The static methods on UnicodeDecompressor may be used in a straightforward manner to decompress simple strings:

  byte [] compressed = ... ; // get compressed bytes from somewhere
  String result = UnicodeDecompressor.decompress(compressed);
 

The static methods have a fairly large memory footprint. For finer-grained control over memory usage, UnicodeDecompressor offers more powerful APIs allowing iterative decompression:

  // Decompress an array "bytes" of length "len" using a buffer of 512 chars
  // to the Writer "out"

  UnicodeDecompressor myDecompressor         = new UnicodeDecompressor();
  final static int    BUFSIZE                = 512;
  char []             charBuffer             = new char [ BUFSIZE ];
  int                 charsWritten           = 0;
  int []              bytesRead              = new int [1];
  int                 totalBytesDecompressed = 0;
  int                 totalCharsWritten      = 0;

  do {
    // do the decompression
    charsWritten = myDecompressor.decompress(bytes, totalBytesDecompressed, 
                                             len, bytesRead,
                                             charBuffer, 0, BUFSIZE);

    // do something with the current set of chars
    out.write(charBuffer, 0, charsWritten);

    // update the no. of bytes decompressed
    totalBytesDecompressed += bytesRead[0];

    // update the no. of chars written
    totalCharsWritten += charsWritten;

  } while(totalBytesDecompressed < len);

  myDecompressor.reset(); // reuse decompressor
 

Decompression is performed according to the standard set forth in Unicode Technical Report #6

See Also:
  • Field Details

    • fCurrentWindow

      private int fCurrentWindow
      Alias to current dynamic window
    • fOffsets

      private int[] fOffsets
      Dynamic compression window offsets
    • fMode

      private int fMode
      Current compression mode
    • BUFSIZE

      private static final int BUFSIZE
      Size of our internal buffer
      See Also:
    • fBuffer

      private byte[] fBuffer
      Internal buffer for saving state
    • fBufferLength

      private int fBufferLength
      Number of characters in our internal buffer
  • Constructor Details

    • UnicodeDecompressor

      public UnicodeDecompressor()
      Create a UnicodeDecompressor.

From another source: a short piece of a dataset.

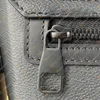 MEN MANDAY DESISE DESIETE LUSION S CAPE BAG Messenger Bags Crossbody Handbag حقيبة كتف حقيبة أعلى مرآة الجودة M46794 M23741 حقيبة محفظة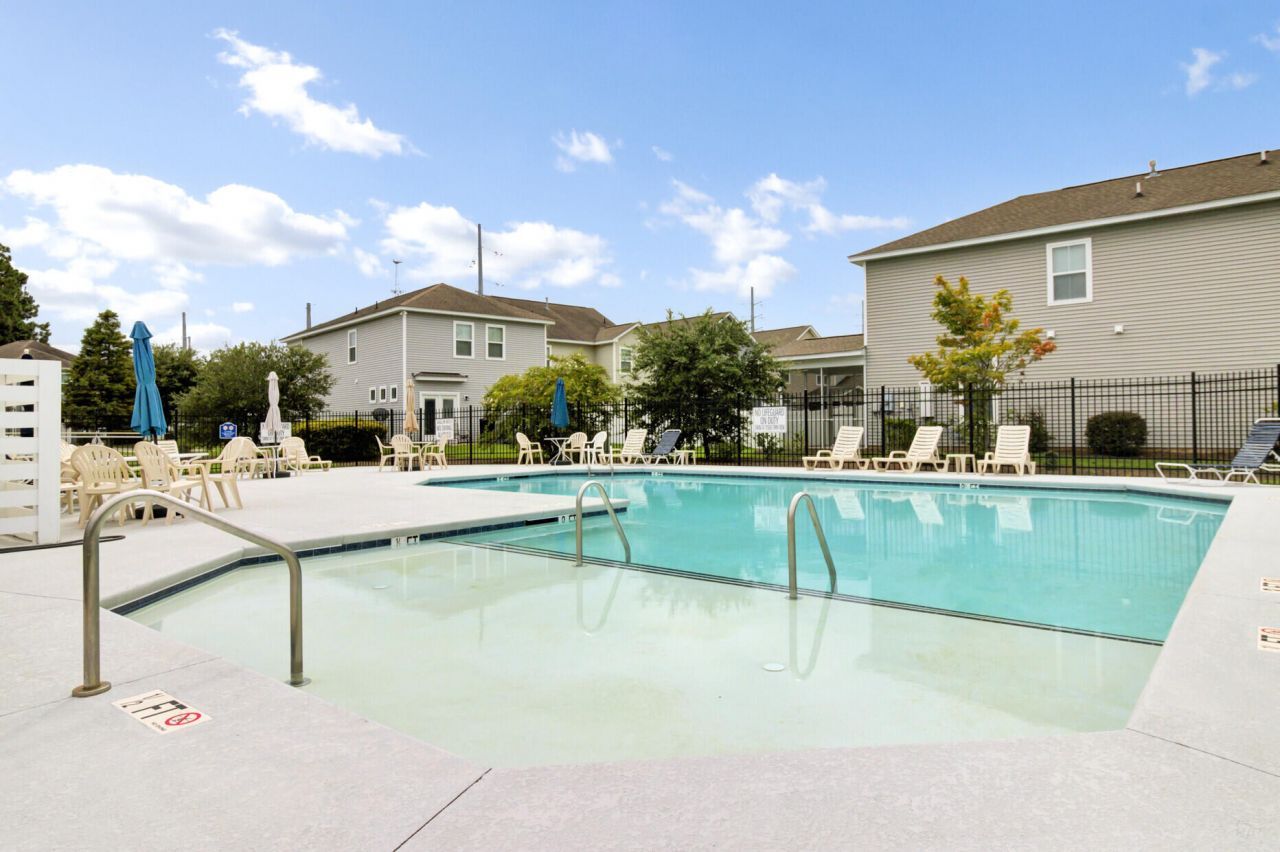 1003 Pine Bluff Drive Photo 48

Sets all windows to their default values.
      See Also:
  • Method Details

    • decompress

      public static String decompress(byte[] buffer)
      Decompress a byte array into a String.
      Parameters:
      buffer - The byte array to decompress.
      Returns:
      A String containing the decompressed characters.
      See Also:
    • decompress

      public static char[] decompress(byte[] buffer, int start, int limit)
      Decompress a byte array into a Unicode character array.
      Parameters:
      buffer - The byte array to decompress.
      start - The start of the byte run to decompress.
      limit - The limit of the byte run to decompress.
      Returns:
      A character array containing the decompressed bytes.
      See Also:
    • decompress

      public int decompress(byte[] byteBuffer, int byteBufferStart, int byteBufferLimit, int[] bytesRead, char[] charBuffer, int charBufferStart, int charBufferLimit)
      Decompress a byte array into a Unicode character array. This function will either completely fill the output buffer, or consume the entire input.
      Parameters:
      byteBuffer - The byte buffer to decompress.
      byteBufferStart - The start of the byte run to decompress.
      byteBufferLimit - The limit of the byte run to decompress.
      bytesRead - A one-element array. If not null, on return the number of bytes read from byteBuffer.
      charBuffer - A buffer to receive the decompressed data. This buffer must be at minimum two characters in size.
      charBufferStart - The starting offset to which to write decompressed data.
      charBufferLimit - The limiting offset for writing decompressed data.
      Returns:
      The number of Unicode characters written to charBuffer.
    • reset

      public void reset()
      Reset the decompressor to its initial state.